ServiceNow's new product isn't just a tool; it's a pricing strategy. By aggregating customer data and then charging external AI agents a consumption-based fee to access it, ServiceNow is creating a new revenue stream from its existing data moat, setting a precedent for other enterprise software companies to follow.
The core challenge in the AI race isn't monetization but model creation. The global pool of researchers capable of building frontier AI models is incredibly small—estimated at 100-150 people. This talent scarcity makes creating a leading model a much greater bottleneck than for a company like OpenAI to scale a known advertising business model.
OpenAI projects a $60 average revenue per user (ARPU), rivaling Meta.
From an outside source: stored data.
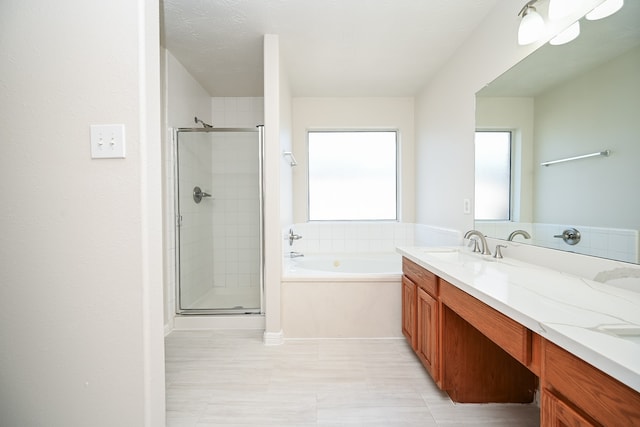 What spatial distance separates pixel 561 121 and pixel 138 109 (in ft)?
6.24

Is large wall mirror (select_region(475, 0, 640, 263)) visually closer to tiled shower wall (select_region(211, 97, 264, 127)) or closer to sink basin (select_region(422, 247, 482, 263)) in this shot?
sink basin (select_region(422, 247, 482, 263))

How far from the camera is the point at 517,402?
1.57m

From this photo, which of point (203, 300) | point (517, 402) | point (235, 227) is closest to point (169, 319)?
point (203, 300)

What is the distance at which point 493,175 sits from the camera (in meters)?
1.90

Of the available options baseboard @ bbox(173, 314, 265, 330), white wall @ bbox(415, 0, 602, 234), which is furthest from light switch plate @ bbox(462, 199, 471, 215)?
baseboard @ bbox(173, 314, 265, 330)

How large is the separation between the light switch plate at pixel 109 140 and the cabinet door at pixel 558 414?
1.59 meters

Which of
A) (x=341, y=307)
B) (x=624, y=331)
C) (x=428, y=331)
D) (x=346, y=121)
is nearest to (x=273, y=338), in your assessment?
(x=341, y=307)

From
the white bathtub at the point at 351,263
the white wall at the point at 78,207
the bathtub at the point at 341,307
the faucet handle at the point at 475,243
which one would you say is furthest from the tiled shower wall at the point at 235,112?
the faucet handle at the point at 475,243

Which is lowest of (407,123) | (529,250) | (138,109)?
(529,250)

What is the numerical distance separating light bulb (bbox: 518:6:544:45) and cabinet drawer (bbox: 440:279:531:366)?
4.46ft

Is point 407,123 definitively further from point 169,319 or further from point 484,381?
point 169,319

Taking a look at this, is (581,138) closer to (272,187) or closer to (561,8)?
(561,8)

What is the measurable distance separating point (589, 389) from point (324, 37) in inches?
97.0

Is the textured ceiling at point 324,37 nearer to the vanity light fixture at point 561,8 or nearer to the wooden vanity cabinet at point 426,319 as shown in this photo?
the vanity light fixture at point 561,8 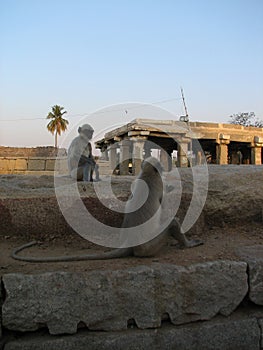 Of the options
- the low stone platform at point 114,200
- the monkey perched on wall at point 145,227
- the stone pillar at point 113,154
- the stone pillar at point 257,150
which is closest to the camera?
the monkey perched on wall at point 145,227

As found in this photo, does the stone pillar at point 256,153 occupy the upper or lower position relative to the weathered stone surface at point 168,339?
upper

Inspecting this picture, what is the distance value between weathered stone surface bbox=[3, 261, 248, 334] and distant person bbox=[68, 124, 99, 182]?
15.3ft

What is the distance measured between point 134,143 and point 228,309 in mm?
14405

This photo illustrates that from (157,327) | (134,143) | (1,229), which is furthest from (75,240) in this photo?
(134,143)

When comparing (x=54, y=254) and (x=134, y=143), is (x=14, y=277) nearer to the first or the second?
(x=54, y=254)

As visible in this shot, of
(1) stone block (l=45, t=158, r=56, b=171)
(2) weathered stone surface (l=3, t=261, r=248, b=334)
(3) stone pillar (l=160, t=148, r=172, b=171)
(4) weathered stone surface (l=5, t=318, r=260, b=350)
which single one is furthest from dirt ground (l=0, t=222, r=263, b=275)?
(1) stone block (l=45, t=158, r=56, b=171)

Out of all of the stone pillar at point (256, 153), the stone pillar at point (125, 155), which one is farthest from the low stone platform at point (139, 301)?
the stone pillar at point (256, 153)

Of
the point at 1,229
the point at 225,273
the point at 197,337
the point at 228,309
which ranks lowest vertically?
the point at 197,337

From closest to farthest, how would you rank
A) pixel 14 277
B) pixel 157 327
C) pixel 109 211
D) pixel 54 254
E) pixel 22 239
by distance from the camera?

This implies they see ChatGPT ads as a premium product, leveraging deep user conversations for high-value placements. This high-margin strategy is risky, as early advertisers have reportedly been disappointed with the platform's return on investment.
Nebius's talks to acquire AI21 reflect a broader trend where NeoClouds (e.g., CoreWeave) are buying software companies. This strategy aims to create a full-stack platform, offering more than just compute power, thereby increasing customer stickiness and diversifying revenue streams beyond commoditized hardware rentals.
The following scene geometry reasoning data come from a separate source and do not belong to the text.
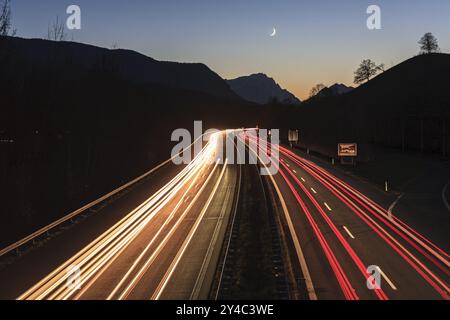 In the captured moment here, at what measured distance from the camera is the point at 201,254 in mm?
22672

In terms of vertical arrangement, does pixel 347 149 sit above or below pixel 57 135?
below

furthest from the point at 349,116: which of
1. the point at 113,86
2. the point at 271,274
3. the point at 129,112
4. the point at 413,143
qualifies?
the point at 271,274

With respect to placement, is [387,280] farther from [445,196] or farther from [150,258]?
[445,196]

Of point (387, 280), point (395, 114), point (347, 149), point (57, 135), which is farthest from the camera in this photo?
point (395, 114)

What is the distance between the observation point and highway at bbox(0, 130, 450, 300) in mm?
17625

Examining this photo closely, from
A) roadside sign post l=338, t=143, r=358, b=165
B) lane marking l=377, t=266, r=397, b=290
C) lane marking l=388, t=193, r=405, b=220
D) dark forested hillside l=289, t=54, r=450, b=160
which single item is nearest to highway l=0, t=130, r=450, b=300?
lane marking l=377, t=266, r=397, b=290

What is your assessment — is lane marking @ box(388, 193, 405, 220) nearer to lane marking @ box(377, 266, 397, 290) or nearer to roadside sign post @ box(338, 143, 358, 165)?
lane marking @ box(377, 266, 397, 290)

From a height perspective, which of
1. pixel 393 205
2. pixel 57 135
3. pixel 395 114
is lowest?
pixel 393 205

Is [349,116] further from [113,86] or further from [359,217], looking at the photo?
[359,217]

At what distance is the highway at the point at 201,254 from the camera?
1762 cm

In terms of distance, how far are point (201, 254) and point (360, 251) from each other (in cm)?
817

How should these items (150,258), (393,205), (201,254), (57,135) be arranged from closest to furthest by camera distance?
(150,258), (201,254), (393,205), (57,135)

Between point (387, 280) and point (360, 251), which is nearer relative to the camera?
point (387, 280)

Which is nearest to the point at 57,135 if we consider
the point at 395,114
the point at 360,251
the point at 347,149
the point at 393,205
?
the point at 347,149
OpenAI's push for $2.4 billion in ad revenue this year from a small pilot base suggests a rapid, potentially jarring integration of ads. This creates a fundamental tension between hitting aggressive financial targets and preserving the clean, uncluttered user experience that drives ChatGPT's core value and engagement.
Meta uses subcontractors like CoreWeave to build out AI compute capacity without the full capital expenditure hitting its own balance sheet. This financial maneuver allows Meta to compete with the infrastructure scale of giants like Microsoft and Google while presenting a more palatable spending figure to investors, effectively managing market perception.